=== Task statement ===
All records below must be written out exactly, with the pictures excluded.

=== Provided data ===
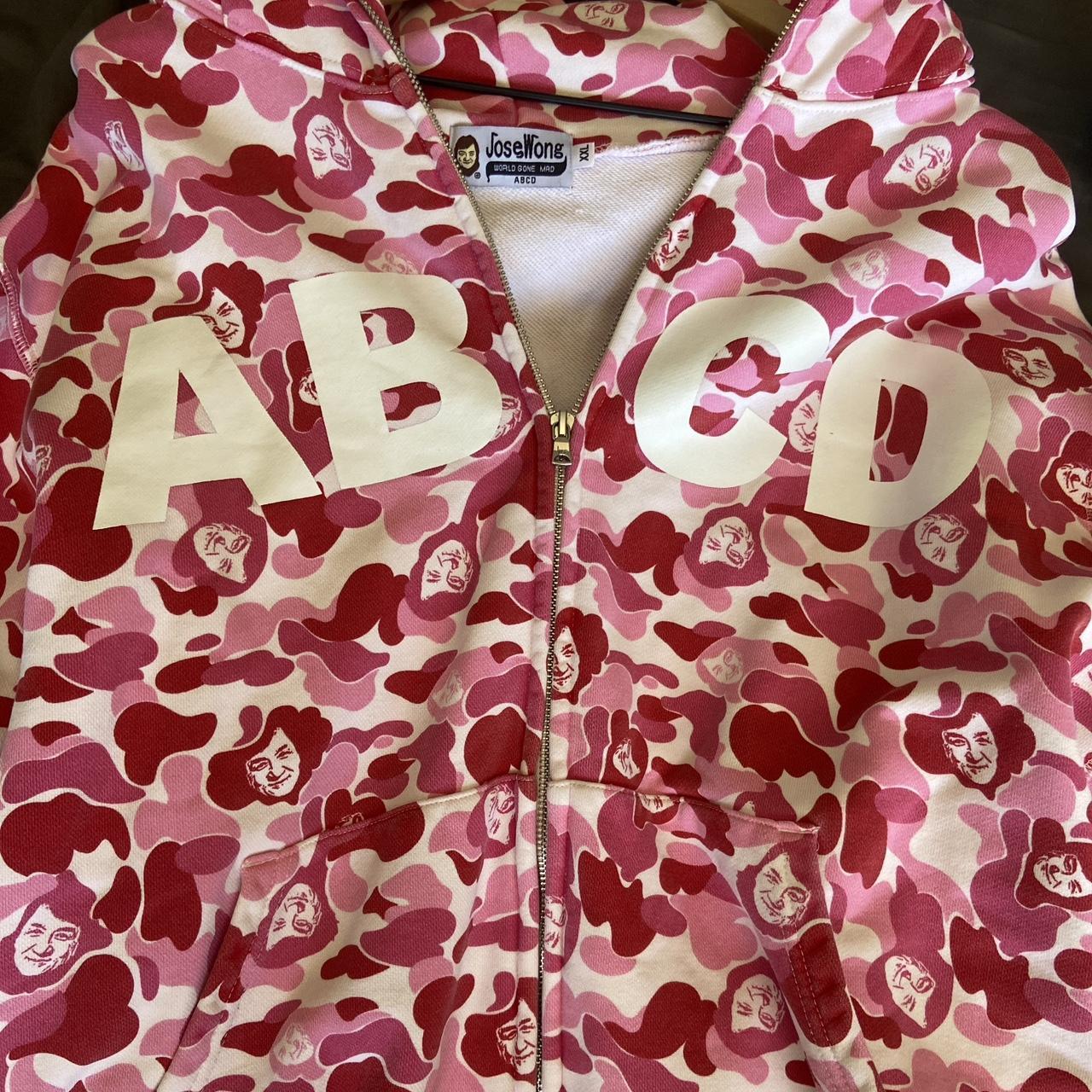 Jose Wong , Og V1 Pink FullZip, sized 2xl fits like a...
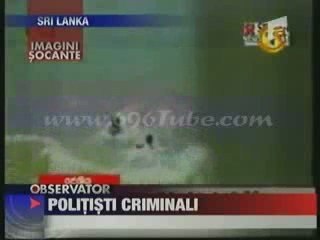 Video Shocking! Young beat by the cops until it drown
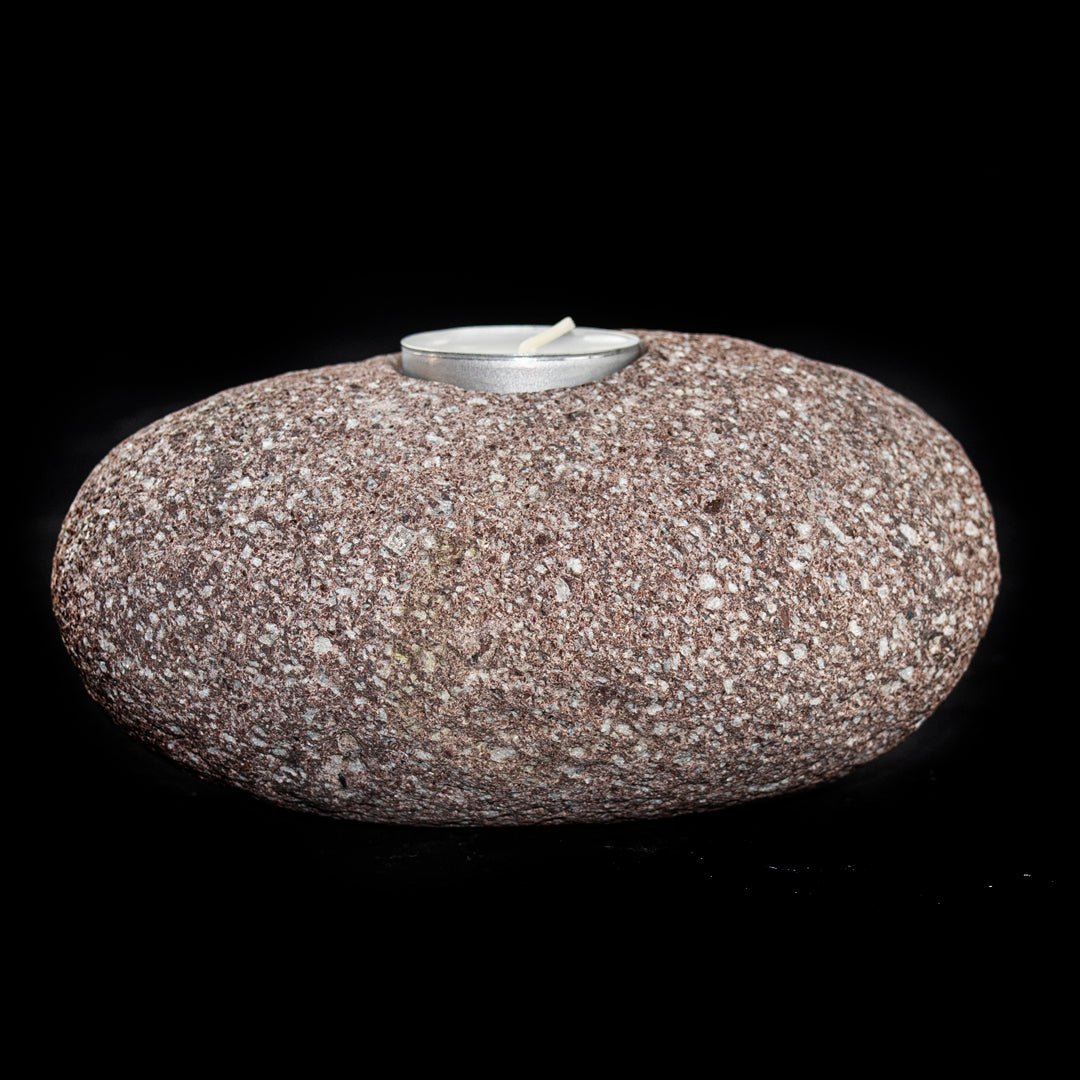 Doğal Taş Tealight Mumluk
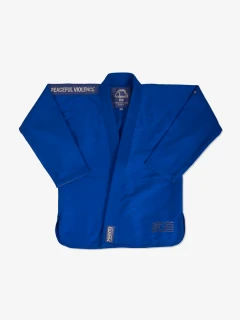 Kimono na BJJ MANTO SOCIETY - modré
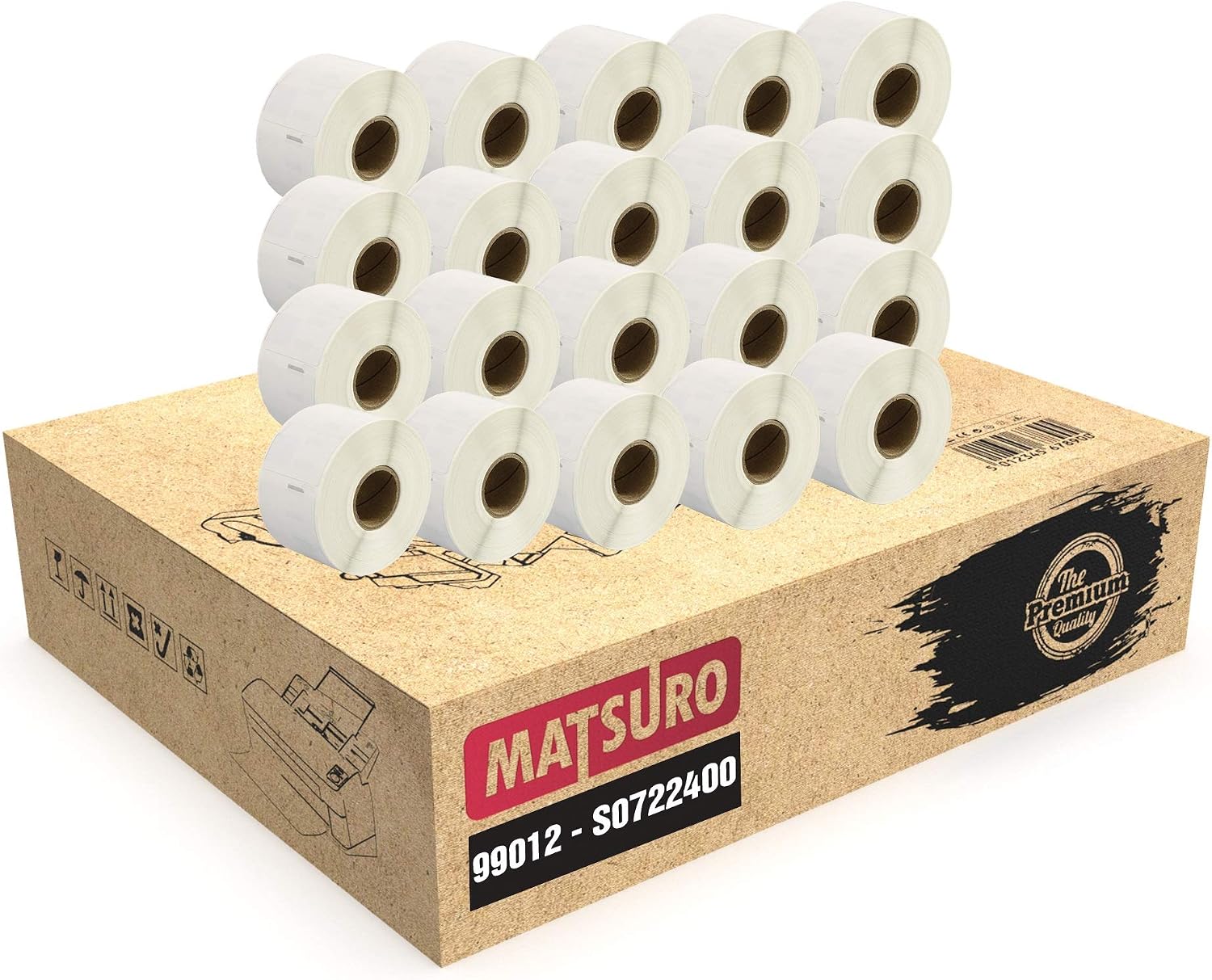 Matsuro Original, White, 20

=== Answer box ===
 Jose Wong , Og V1 Pink FullZip, sized 2xl fits like a...
 Video Shocking! Young beat by the cops until it drown
 Doğal Taş Tealight Mumluk
 Kimono na BJJ MANTO SOCIETY - modré
 Matsuro Original, White, 20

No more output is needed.